Not a bad movie. There are plenty worse ways to spend 90 minutes! Movie is comprised of a number of sub-stories about the lives and loves of the regular passengers of a bus that is used to bring workers between Dublin city and their homes in a small Irish country village (Doon-something-or-other) every weekend. It is based on the novel of the same name by Maeve Binchy, the world famous Irish author. The device of the bus is not a bad one, and the stories of the passengers interweave in a good way. The stories are pulled together into an almost coherent whole by the romance of the central character; the bus driver.
This is not a bad "chick flick", but I think it would bore most men senseless! Looking at the ratings, viewers seem to love it or hate it, with most of them loving it.
Anyway, it has worthy heroes an heroines to anchor the stories. However, in a certain sense, it is the type of novel that is not suitable for adaptation to the screen, as it has no action to speak of and it deals mainly with the emotional conflicts of a rather large number of characters in a short period of time (90 mins). Such stories are best confined to books, where the reader can access the interior dialog of the characters, whereas that dialog is almost impossible to display on screen.
Nonetheless, the picture gives a pretty good exposition of Irish society in recent times, but things have changed a lot since the book was written, and the current social relevance is limited.

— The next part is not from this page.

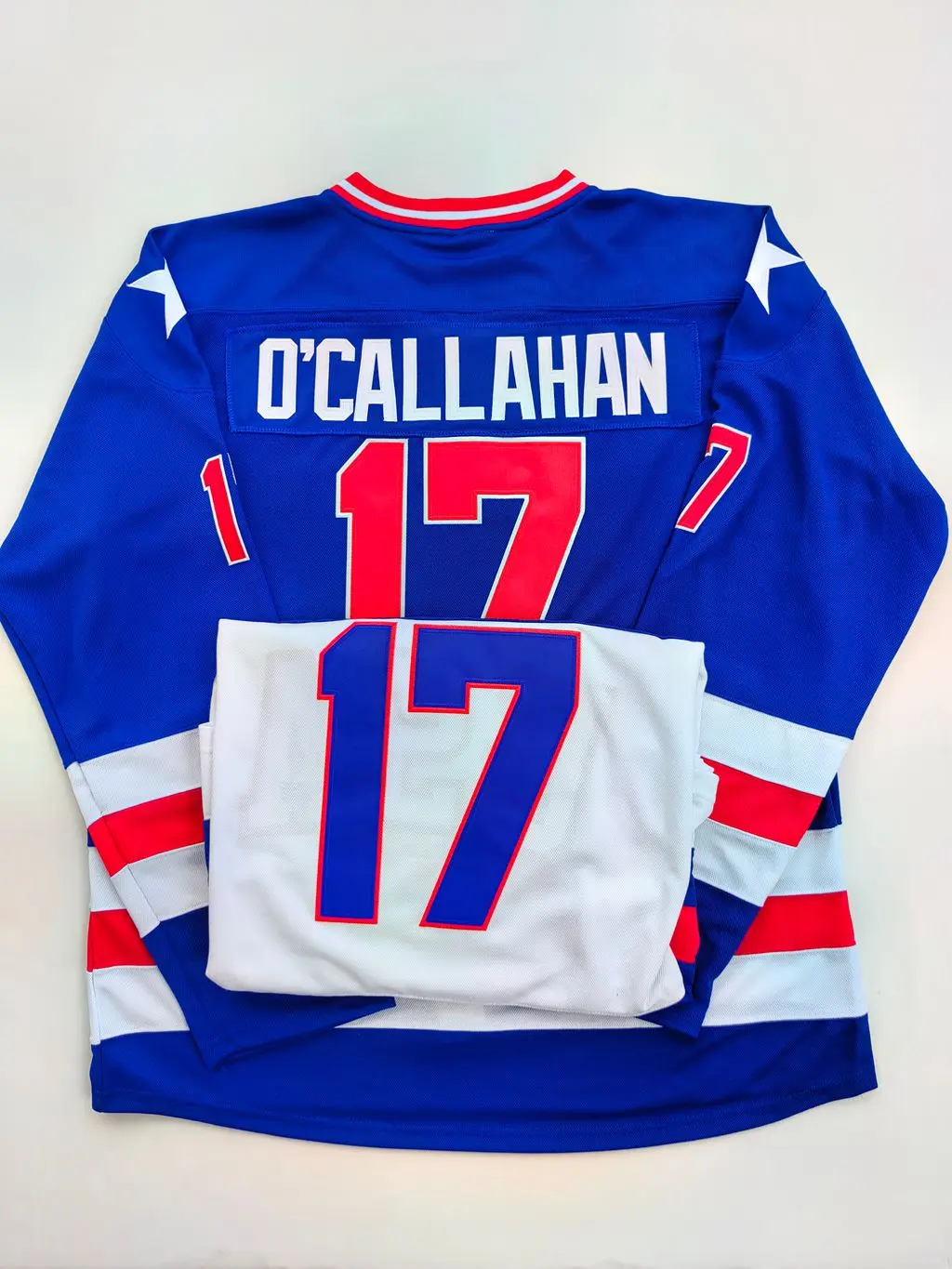 USA 1980 Olympic Team Ice Hockey Jerseys (Numbers 17,21,30) - Blue, White Embroidered Sportswear Top, Breathable Sports Shirt, V-Neck Cut, Loose Fit Shirts, Sizes S-3XL, Polyester Mesh, Olympic Fans, Cool & Breathable, Activewear Athletic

Perhaps most important, it is mercifully not an "Oirish" production, by which I mean it escapes stage-Irish portrayals of Irish characters, unlike many (most?) Irish productions that succumb to the temptation of trading on stereotypes of what Irish people are supposed to be like.
The Irish countryside is shown off to pretty good effect, though more might have been made of it. For some reason, I thought that the photography was somehow too soft-focused and lacking in sharpness/clarity. It looks a bit faded as a result.